§ Work task
Every record below should be copied exactly, with the pictures left out.

§ Supplied information

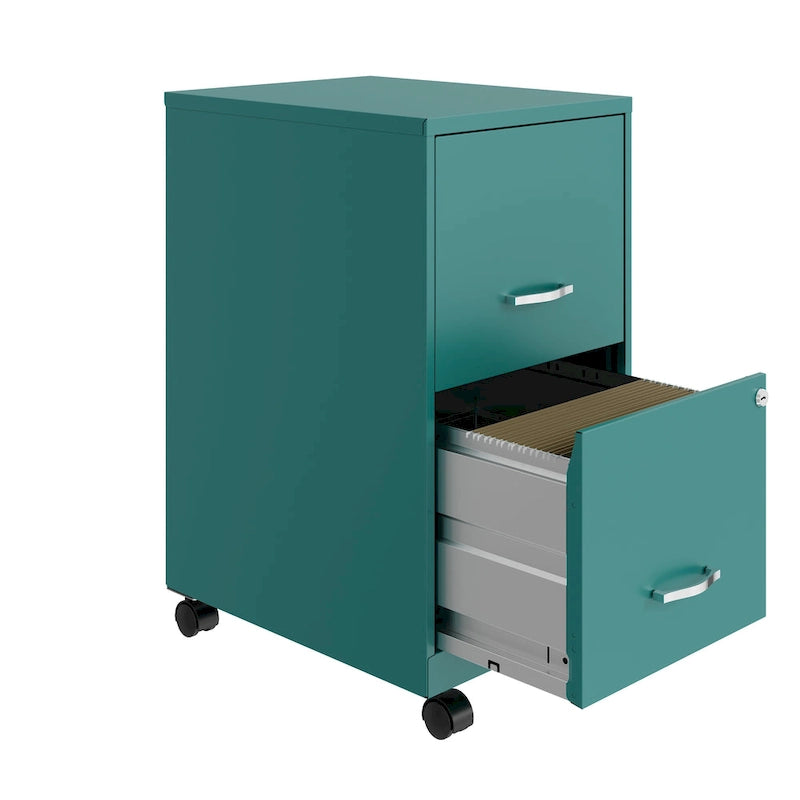 Schedario verticale mobile intelligente a 2 cassetti, verde petrolio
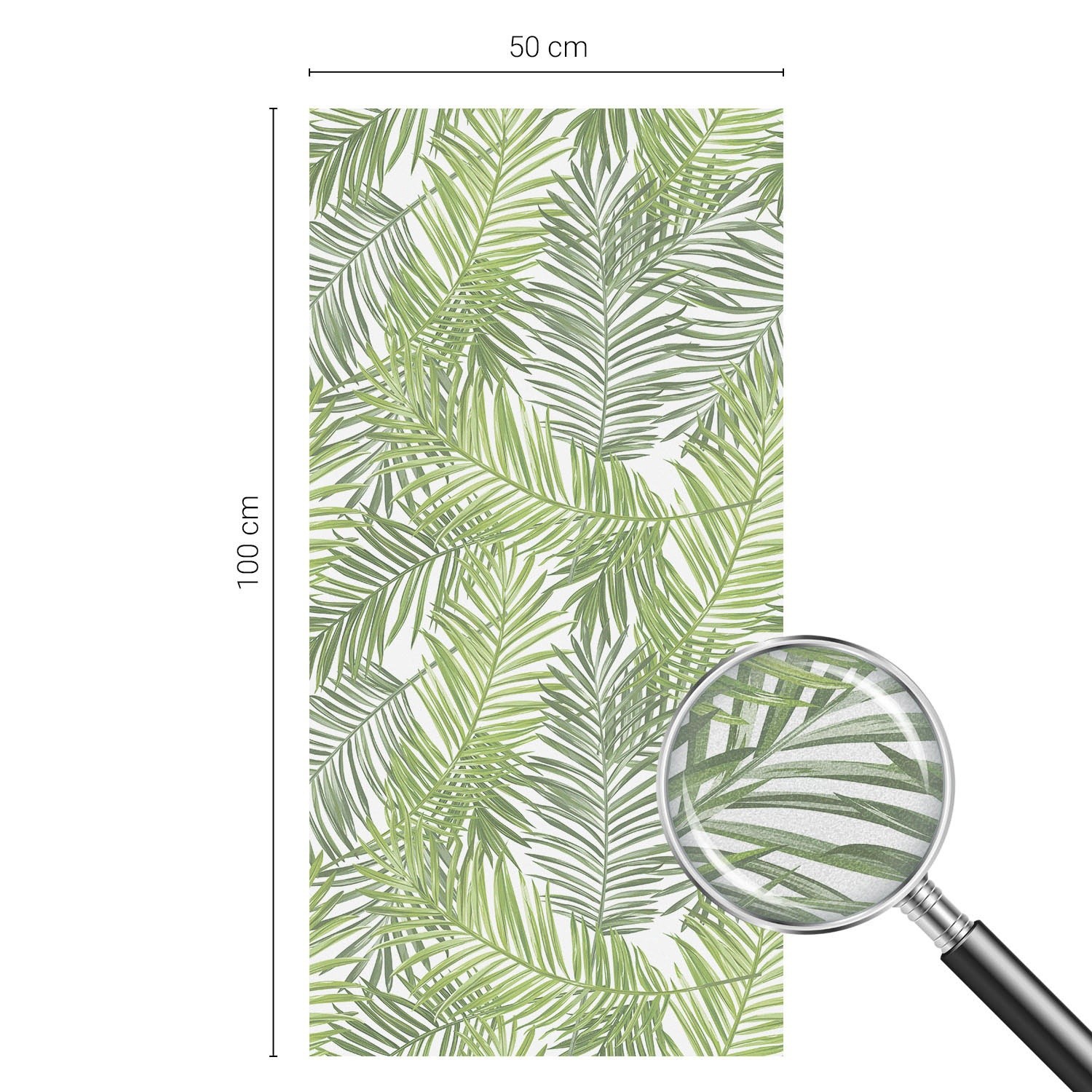 Privacy Window Film Ideal for Home and Office Plant Patterns Art Green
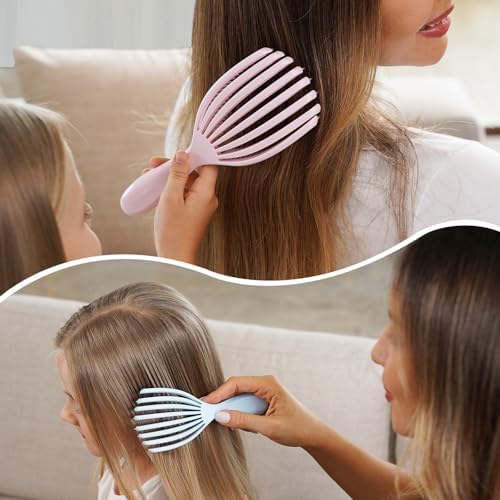 SHINLEA Detangler Brush for Curly Hair, Wet Dry Detangling Hair Brush for Thick Thin Wavy Hair, Gentle Detangle Hairbrush Reduces Breakage for Women Men Kids (Pink and Blue) - Image 5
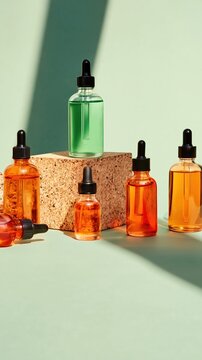 A stylish flat lay of assorted glass dropper bottles in orange and green tones. This modern skincare editorial highlights premium hydration and clean beauty benefits.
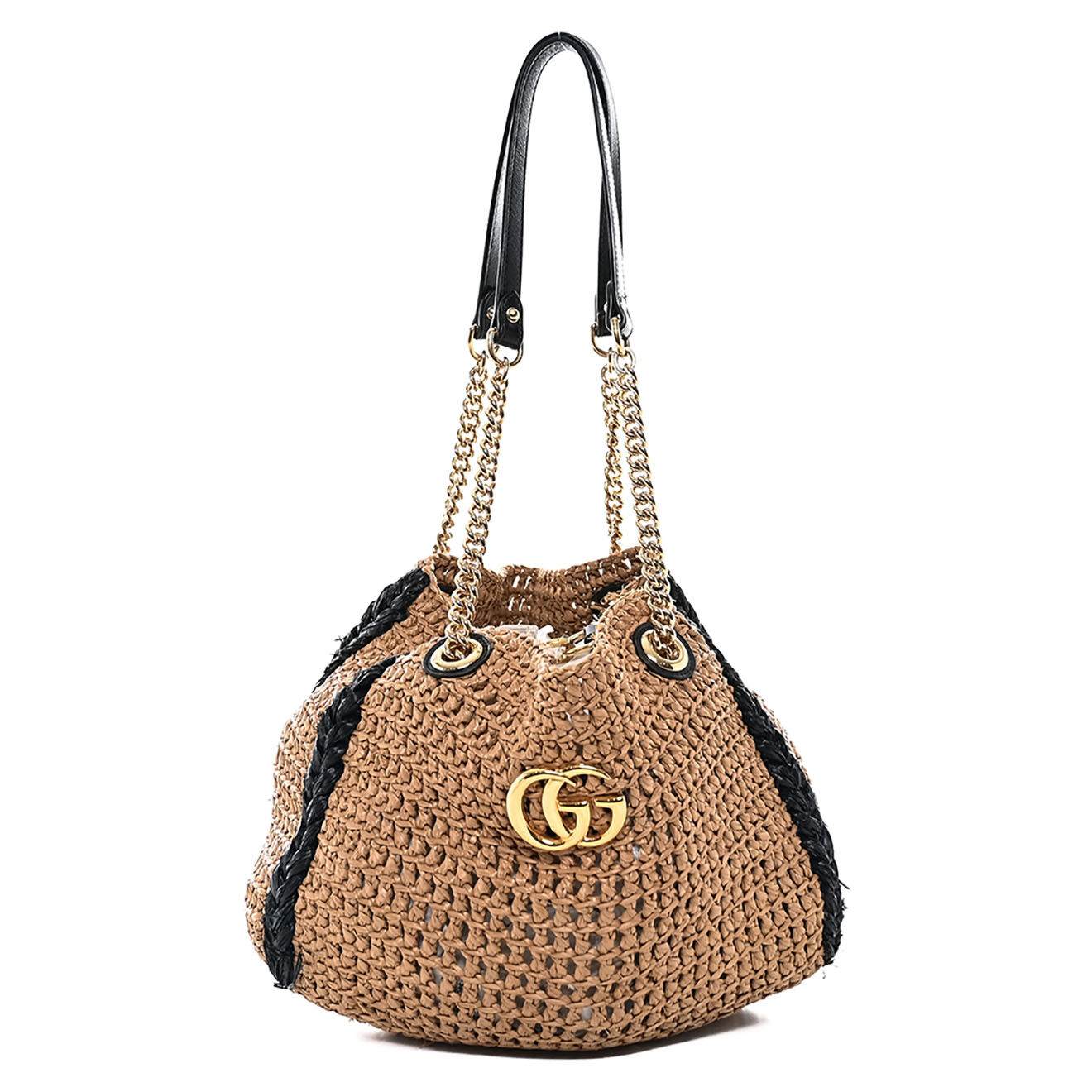 Gucci Sac porté épaule Marmont en Raphia tressé marron - Très bon état - L.27 cm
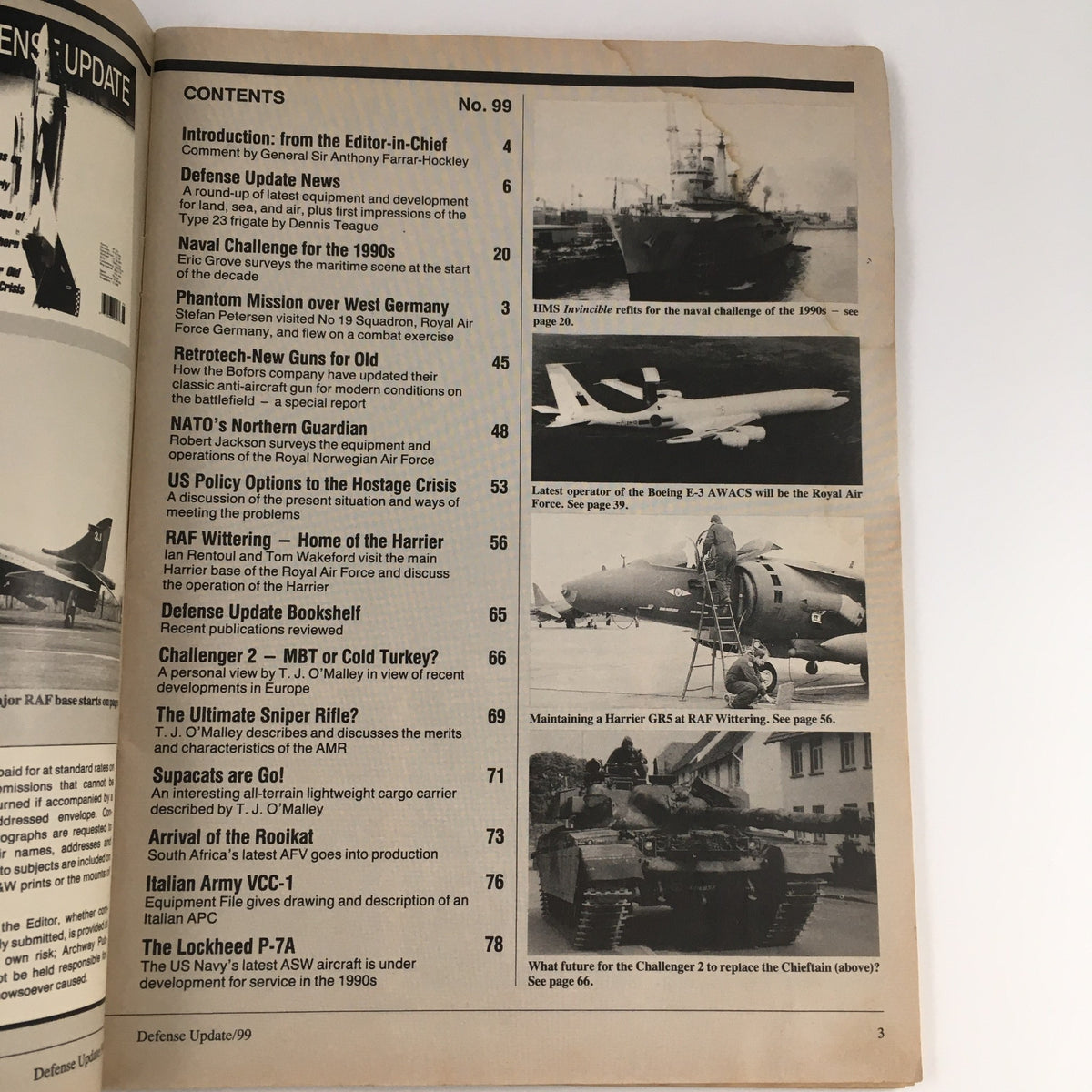 Contents page of Defense Update International No. 99, 1990, detailing articles on military exercises and technological advancements.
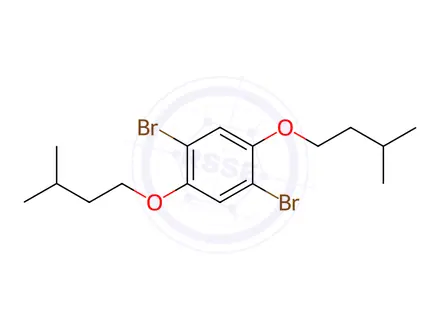 Chemical structure of Benzene, 1,4-dibromo-2,5-bis(3-methylbutoxy)-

§ Finished task
 Schedario verticale mobile intelligente a 2 cassetti, verde petrolio
 Privacy Window Film Ideal for Home and Office Plant Patterns Art Green
 SHINLEA Detangler Brush for Curly Hair, Wet Dry Detangling Hair Brush for Thick Thin Wavy Hair, Gentle Detangle Hairbrush Reduces Breakage for Women Men Kids (Pink and Blue) - Image 5
 A stylish flat lay of assorted glass dropper bottles in orange and green tones. This modern skincare editorial highlights premium hydration and clean beauty benefits.
 Gucci Sac porté épaule Marmont en Raphia tressé marron - Très bon état - L.27 cm
 Contents page of Defense Update International No. 99, 1990, detailing articles on military exercises and technological advancements.
 Chemical structure of Benzene, 1,4-dibromo-2,5-bis(3-methylbutoxy)-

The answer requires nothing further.